(Web page caption snippets)

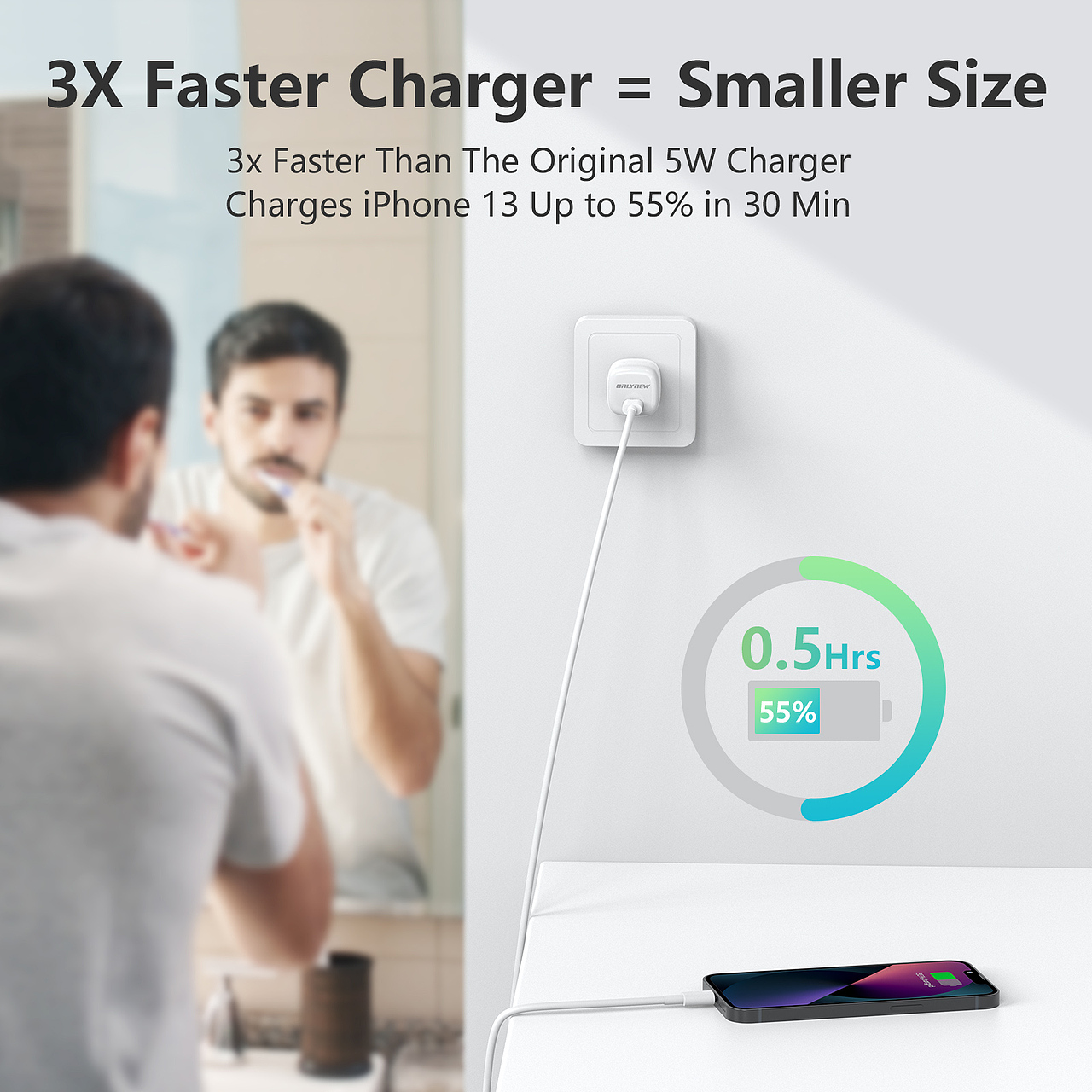 亚马逊迷你充电器详情页和三维动画视频（图ZMzAzNTU2NTg4） - 电商 - 站酷设计师YD_Teng原创素材 - 站酷ZCOOL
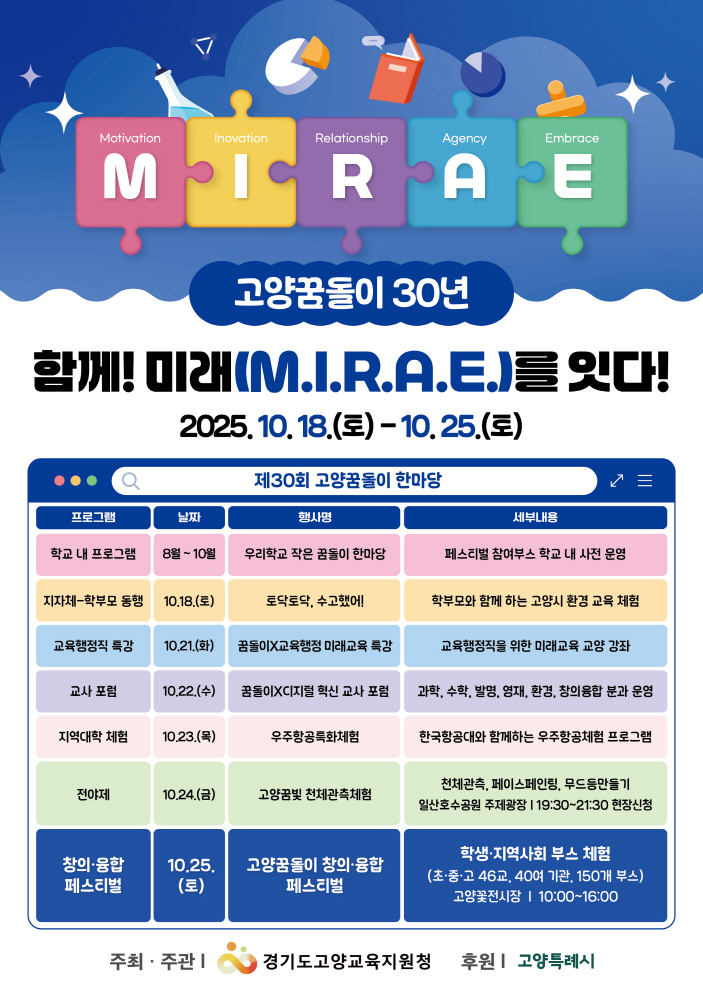 [크기변환][포스터] 고양교육지원청,“꿈돌이 30년, 함께! 미래(M.I.R.A.E.)를 잇다!” 제30회 고양꿈돌이 한마당 워크숍 개최 1.jpg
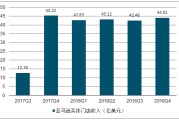 电商分析财务(互联网电商企业财务分析)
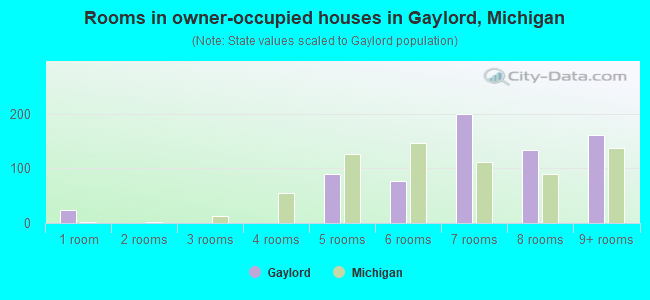 Rooms in owner-occupied houses in Gaylord, Michigan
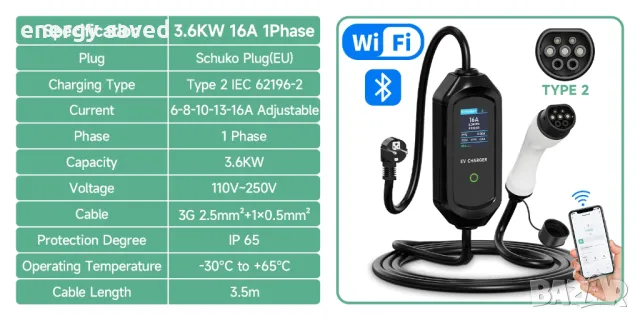Зарядно за Електромобил Тип 2 Wi-Fi Smart 3,5M Кабел 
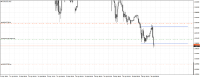 Chart EURUSD, M15, 2024.04.16 06:33 UTC, FBS Markets Inc., MetaTrader 4, Real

◆ Instructions for the task ◆
Reproduce the data in full. Do not carry over any picture.

◆ Completed exercise ◆
 亚马逊迷你充电器详情页和三维动画视频（图ZMzAzNTU2NTg4） - 电商 - 站酷设计师YD_Teng原创素材 - 站酷ZCOOL
 [크기변환][포스터] 고양교육지원청,“꿈돌이 30년, 함께! 미래(M.I.R.A.E.)를 잇다!” 제30회 고양꿈돌이 한마당 워크숍 개최 1.jpg
 电商分析财务(互联网电商企业财务分析)
 Rooms in owner-occupied houses in Gaylord, Michigan
Зарядно за Електромобил Тип 2 Wi-Fi Smart 3,5M Кабел 
 Chart EURUSD, M15, 2024.04.16 06:33 UTC, FBS Markets Inc., MetaTrader 4, Real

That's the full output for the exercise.